# My Halloween 2006+ Soundtrack



## theVanyr (Jun 18, 2006)

Better late than never I suppose...

So I try every few years to put together a mix of my growing collection of "music I like to haunt my porch by"... In the past few years I have yet to make any major additions to my "list" - so the tracks I made a few years back still annoyed my neighbors this year.

I have uploaded my music tracks for your consumption. Feedback is very welcome (Pro and Con please - it all helps make for a better BOO), though bear in mind we will all have a different style we look for in ambiance. The tracks cover about 60 minutes total. 
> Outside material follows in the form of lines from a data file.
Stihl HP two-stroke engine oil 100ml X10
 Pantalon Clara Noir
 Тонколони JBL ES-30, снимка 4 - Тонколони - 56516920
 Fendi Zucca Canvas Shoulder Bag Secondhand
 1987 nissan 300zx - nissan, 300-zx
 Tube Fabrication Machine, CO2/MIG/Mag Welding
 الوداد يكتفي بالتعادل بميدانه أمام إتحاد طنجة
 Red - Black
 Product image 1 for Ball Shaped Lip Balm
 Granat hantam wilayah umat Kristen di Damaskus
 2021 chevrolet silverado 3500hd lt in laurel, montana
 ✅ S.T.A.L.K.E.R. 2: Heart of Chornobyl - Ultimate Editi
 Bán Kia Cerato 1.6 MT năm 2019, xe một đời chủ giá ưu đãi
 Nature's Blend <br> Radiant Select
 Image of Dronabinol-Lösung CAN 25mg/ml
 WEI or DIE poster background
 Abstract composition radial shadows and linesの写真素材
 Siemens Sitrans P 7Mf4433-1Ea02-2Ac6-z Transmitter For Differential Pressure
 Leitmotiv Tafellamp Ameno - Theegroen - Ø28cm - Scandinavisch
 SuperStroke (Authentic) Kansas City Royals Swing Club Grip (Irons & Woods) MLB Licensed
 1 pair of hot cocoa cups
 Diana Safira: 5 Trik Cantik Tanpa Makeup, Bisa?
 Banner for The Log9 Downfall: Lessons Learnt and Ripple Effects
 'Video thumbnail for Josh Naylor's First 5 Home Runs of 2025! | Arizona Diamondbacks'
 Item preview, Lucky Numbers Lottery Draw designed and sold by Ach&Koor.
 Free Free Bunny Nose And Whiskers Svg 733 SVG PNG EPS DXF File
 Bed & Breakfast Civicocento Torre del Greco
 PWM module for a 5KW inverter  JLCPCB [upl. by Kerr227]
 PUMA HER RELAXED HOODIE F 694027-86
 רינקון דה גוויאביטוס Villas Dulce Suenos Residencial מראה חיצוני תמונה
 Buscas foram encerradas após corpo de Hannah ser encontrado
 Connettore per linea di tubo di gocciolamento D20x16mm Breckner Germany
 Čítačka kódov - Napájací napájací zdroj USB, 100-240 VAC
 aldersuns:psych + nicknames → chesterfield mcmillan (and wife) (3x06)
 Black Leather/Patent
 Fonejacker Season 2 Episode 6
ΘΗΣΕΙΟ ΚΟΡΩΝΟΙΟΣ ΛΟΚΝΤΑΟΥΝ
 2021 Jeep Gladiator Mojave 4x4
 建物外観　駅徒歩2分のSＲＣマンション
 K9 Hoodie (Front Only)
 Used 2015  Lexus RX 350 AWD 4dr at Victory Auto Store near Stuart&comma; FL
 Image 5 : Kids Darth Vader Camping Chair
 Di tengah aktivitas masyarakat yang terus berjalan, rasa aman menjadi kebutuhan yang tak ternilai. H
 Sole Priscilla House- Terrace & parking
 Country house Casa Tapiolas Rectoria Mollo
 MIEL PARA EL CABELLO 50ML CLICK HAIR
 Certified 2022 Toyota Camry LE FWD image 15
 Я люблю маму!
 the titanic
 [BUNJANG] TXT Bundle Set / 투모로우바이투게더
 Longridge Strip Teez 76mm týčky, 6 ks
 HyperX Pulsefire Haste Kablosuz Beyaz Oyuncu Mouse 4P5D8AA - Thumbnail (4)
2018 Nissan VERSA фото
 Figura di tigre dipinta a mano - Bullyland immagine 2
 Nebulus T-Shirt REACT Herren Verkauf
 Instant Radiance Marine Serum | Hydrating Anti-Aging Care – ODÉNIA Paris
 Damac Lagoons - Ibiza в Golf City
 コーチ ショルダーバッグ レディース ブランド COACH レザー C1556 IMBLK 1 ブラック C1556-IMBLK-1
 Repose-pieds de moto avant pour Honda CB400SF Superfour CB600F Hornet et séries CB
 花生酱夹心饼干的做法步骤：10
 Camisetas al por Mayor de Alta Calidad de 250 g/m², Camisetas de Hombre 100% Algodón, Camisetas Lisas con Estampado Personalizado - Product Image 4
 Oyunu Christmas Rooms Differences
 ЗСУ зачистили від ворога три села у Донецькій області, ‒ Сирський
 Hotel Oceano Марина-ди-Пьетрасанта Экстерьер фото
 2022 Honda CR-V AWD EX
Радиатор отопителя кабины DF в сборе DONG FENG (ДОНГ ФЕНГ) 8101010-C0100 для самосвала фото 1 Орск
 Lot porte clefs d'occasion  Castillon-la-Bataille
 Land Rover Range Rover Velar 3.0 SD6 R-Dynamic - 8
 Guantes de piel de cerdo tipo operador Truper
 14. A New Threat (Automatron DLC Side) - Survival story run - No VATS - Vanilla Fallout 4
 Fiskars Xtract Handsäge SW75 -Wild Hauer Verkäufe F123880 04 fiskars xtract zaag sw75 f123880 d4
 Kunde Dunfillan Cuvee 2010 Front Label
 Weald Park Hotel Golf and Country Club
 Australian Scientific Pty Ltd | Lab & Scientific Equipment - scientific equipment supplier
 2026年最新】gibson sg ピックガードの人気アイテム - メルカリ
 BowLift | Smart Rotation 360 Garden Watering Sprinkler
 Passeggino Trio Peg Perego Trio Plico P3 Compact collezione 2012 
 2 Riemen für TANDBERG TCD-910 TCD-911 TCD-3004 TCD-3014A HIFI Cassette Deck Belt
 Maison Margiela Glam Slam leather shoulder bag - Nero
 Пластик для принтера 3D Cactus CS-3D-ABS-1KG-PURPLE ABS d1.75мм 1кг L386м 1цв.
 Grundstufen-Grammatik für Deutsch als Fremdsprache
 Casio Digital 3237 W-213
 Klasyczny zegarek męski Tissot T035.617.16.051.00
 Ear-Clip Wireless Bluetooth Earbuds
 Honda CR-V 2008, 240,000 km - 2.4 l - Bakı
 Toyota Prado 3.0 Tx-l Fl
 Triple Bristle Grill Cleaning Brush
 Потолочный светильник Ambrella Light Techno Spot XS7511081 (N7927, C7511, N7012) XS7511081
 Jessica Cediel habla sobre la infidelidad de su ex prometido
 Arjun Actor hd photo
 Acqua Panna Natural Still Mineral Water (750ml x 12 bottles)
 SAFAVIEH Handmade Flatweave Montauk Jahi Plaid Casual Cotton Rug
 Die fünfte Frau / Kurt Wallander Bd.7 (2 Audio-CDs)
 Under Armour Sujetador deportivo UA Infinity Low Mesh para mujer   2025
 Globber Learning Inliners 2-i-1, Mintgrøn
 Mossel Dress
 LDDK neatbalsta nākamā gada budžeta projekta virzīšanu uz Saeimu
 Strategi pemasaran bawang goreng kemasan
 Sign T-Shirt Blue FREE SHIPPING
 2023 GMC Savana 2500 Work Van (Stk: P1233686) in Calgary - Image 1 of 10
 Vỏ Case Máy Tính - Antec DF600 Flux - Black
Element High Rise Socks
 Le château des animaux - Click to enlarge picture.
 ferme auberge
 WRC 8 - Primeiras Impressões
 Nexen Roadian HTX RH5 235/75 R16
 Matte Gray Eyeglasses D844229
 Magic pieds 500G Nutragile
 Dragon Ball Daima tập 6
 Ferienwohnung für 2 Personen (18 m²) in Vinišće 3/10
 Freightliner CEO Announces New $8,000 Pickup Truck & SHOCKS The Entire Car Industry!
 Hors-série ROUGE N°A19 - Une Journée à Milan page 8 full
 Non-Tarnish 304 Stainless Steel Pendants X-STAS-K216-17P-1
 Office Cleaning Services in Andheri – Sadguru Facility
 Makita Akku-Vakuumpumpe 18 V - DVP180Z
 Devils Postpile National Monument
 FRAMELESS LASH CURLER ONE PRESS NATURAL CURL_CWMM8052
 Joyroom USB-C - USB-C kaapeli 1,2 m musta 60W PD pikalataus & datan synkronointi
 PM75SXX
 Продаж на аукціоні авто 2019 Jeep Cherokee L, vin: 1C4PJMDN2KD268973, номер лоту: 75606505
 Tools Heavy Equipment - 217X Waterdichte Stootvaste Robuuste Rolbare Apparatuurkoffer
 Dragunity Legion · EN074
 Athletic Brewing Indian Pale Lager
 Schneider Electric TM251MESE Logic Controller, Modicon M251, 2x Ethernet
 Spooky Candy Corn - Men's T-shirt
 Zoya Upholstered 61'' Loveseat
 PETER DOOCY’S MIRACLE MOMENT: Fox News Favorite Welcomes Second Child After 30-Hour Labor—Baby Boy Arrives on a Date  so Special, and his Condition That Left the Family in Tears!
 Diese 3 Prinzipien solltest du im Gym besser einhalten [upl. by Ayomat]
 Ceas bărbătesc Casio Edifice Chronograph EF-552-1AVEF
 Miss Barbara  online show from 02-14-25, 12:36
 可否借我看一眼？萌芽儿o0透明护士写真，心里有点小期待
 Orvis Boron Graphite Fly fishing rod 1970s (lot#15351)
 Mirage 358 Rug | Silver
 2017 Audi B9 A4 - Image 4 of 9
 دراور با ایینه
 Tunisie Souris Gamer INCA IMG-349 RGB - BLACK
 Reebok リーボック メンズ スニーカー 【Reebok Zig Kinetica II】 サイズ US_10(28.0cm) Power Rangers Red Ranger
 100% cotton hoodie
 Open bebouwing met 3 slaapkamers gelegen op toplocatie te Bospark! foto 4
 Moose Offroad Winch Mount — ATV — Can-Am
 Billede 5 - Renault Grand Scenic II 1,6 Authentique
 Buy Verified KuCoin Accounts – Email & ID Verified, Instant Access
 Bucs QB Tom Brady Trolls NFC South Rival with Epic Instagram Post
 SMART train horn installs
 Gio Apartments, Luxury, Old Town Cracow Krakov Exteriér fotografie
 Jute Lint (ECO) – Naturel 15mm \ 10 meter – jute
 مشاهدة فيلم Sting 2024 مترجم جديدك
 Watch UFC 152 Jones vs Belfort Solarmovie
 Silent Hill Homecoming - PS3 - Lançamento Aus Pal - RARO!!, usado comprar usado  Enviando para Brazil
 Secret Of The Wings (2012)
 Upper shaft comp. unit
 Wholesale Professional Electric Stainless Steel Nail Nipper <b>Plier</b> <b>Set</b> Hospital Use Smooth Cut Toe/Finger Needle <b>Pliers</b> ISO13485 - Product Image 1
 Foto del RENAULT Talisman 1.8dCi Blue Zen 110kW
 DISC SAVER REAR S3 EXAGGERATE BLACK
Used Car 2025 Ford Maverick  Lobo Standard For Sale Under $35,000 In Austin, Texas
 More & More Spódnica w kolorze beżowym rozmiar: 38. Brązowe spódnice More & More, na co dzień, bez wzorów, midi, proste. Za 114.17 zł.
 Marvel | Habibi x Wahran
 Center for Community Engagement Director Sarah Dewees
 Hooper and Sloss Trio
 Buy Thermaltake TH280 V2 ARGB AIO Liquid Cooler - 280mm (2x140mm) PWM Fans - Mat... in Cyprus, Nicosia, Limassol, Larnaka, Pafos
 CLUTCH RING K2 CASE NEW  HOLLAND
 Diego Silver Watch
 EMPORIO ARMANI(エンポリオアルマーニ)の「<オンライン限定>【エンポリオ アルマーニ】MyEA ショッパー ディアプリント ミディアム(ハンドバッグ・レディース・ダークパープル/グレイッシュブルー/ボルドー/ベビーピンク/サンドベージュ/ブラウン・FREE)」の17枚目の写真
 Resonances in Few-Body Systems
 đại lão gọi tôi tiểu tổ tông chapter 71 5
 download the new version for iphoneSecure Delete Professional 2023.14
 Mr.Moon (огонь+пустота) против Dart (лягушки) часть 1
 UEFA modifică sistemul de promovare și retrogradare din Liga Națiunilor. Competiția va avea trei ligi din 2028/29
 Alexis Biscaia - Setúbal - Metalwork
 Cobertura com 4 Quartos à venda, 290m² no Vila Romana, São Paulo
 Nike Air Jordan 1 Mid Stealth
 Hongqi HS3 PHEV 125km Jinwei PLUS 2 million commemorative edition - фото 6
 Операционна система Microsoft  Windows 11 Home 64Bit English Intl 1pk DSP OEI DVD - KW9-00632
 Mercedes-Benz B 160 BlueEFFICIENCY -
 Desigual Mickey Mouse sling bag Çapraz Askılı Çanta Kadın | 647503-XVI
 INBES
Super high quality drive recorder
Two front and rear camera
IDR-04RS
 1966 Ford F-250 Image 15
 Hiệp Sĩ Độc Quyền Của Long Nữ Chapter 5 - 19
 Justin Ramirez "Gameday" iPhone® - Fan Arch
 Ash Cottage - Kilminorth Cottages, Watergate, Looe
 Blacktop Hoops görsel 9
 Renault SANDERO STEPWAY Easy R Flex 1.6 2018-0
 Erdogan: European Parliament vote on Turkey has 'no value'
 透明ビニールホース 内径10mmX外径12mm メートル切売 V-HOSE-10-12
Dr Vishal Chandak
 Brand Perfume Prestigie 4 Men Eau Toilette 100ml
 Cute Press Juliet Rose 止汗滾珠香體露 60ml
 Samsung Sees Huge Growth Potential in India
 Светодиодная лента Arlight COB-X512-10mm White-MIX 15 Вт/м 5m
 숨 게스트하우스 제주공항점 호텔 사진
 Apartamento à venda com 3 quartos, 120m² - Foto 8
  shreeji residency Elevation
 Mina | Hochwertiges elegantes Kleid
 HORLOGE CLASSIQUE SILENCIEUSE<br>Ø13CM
My style is instrumental music (mostly movie tracks) with some FX in the mix. If you recognize the music you should be able to guess how much I took out... I love playing the "which movie is this from?" game.


here is the link: 


Yes the music is copyright - en (or what ever...) - no I don't care... not making a penny off it - so have at, and yes - you are welcome to "use to boo".


----------



## mr frost (Nov 28, 2008)

wow great stuff brother! thanks for the download, it will be put to good use next Halloween!


----------



## themindshaft (Nov 27, 2008)

*music*

Well sir, I'm quite impressed. Excelent production. I do ambient room sounds and FX sounds for alot of pro-haunt companies and theme parks. Keep up the good work!

Bill Ehrsam.


----------



## theVanyr (Jun 18, 2006)

thank you


----------